You can use child carriers like the Ergo Baby carriers for transporting your infant on and off the plane, but they not appropriate to use while seated / seat belted. Once you are on the plane, the safest position for your infant is in a car seat (but that means buying a seat for the infant, unless you are lucky and have a half empty flight) or being held in your lap.

You never want to buckle your seat belt around yourself and the infant. Some airlines have a second little seat belt that attaches outside your seat belt for the infant, but these are not real safe and not allowed in some countries.

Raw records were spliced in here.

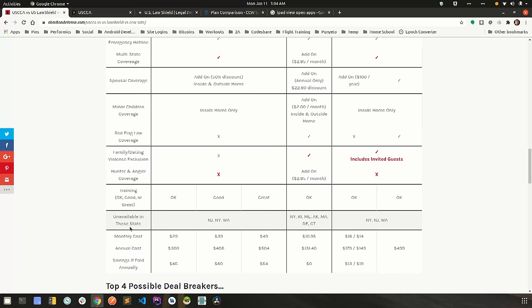Unavailable in these states. So this is going to be the ultimate deal breaker for you. If the company can't operate in that state, there's nothing you can do to get insurance from them. If you live in New York, you might as well turn this video off now because the state of New York has made it illegal for any company to offer any kind of self-defense insurance at all. New Jersey. I don't know if they've made it illegal or just made it really hard to.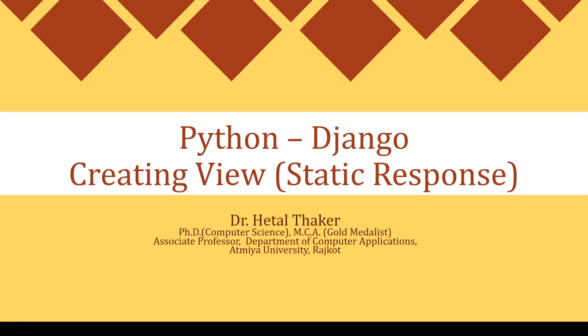Hello and welcome to my channel. I'm Dr. Hetal Dhakar. In this video tutorial, we are going to see how to create a view that generates a static response using Python Django web framework.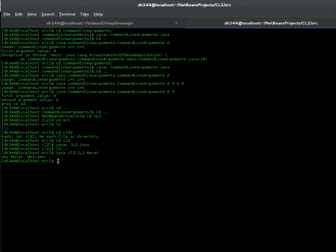I think that's all about command line arguments. Good luck with your studies.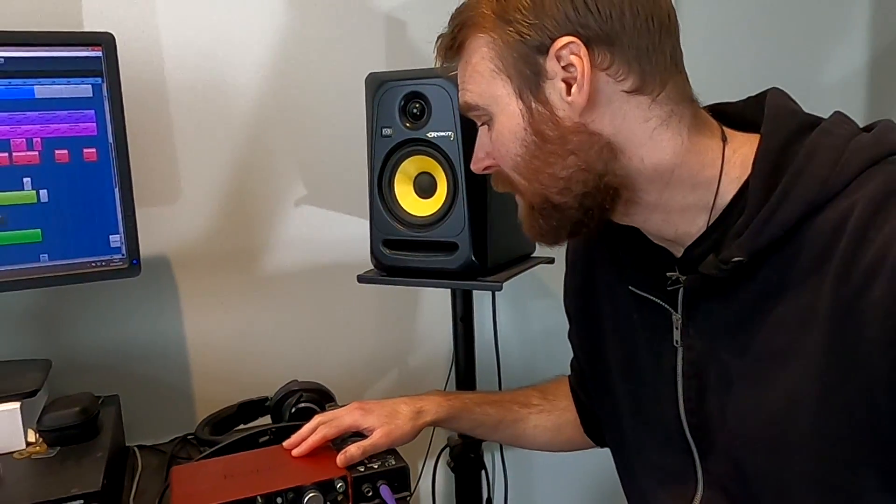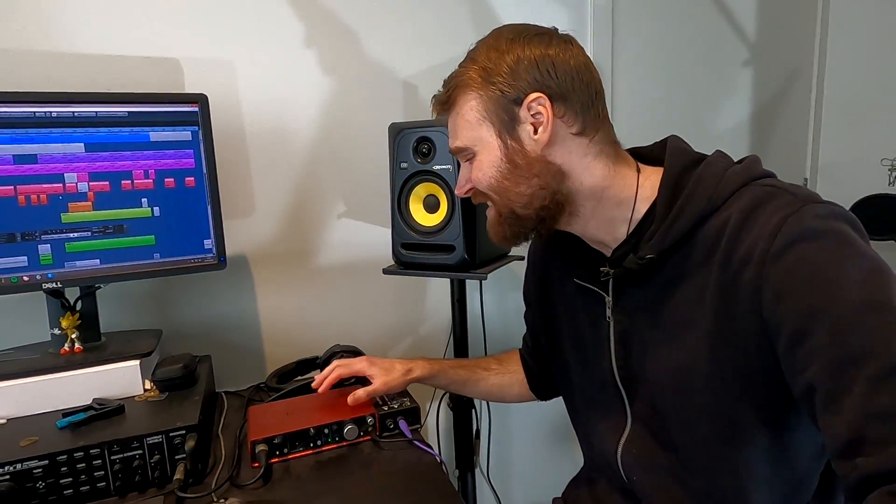Everyone seemed to be blaming my audio interface, telling me it was incapable of streaming, so it seemed like the only option was to go out and buy a new audio interface. I got a few recommendations and was ready to blow a thousand dollars on a new one — and then I realized: wait a minute, I'm a musician, I don't have any money.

  • Understood. It was referring entering, exiting and walking up and down the aisle on a 16 hour flight. More concerned about potentially weird company brand restrictions. Nov 4, 2014 at 8:06
  • Can't see why there would be any company brand prejudices, unless one was found to be highly flammable or some other safety issue.
    – user13044
    Nov 4, 2014 at 8:48
  • You are not allowed to use the baby carriers for take-off and landing (because your bulky form makes it harder to exit the aircraft quickly), but I don't see what the issue would be during the flight.
    – Jonas
    Nov 4, 2014 at 10:21
  • This answer appears to assume that seat belts are for our safety - they are not. That doesn't change the correctness.
    – Gusdor
    Nov 4, 2014 at 15:32
  • @Gusdor: That statement is downright incorrect, generic seat belts are proven to improve safety of drivers (Google it) and this indeed is the intention of belts in US aviation as well per gpo.gov/fdsys/pkg/CFR-2012-title14-vol1/pdf/…. Nov 4, 2014 at 19:29

Some airlines/airplanes have dedicated spaces for baby cradles/bassinets, usually placed in front of the seats at the border between plane sections. This is true in particular for long-haul flights, since the planes tend to be bigger. Each airplane has its own mounting system with the compatible bassinet. Below is a picture of what I am talking about:

Child bassinette

These bassinets are usually installed during the flight, and are removed during take-off and landing. Often if the seat is taken by people who might not need the feature, these might be asked to move to another seat to accommodate parents and their infants. (I know I was asked to move many times.)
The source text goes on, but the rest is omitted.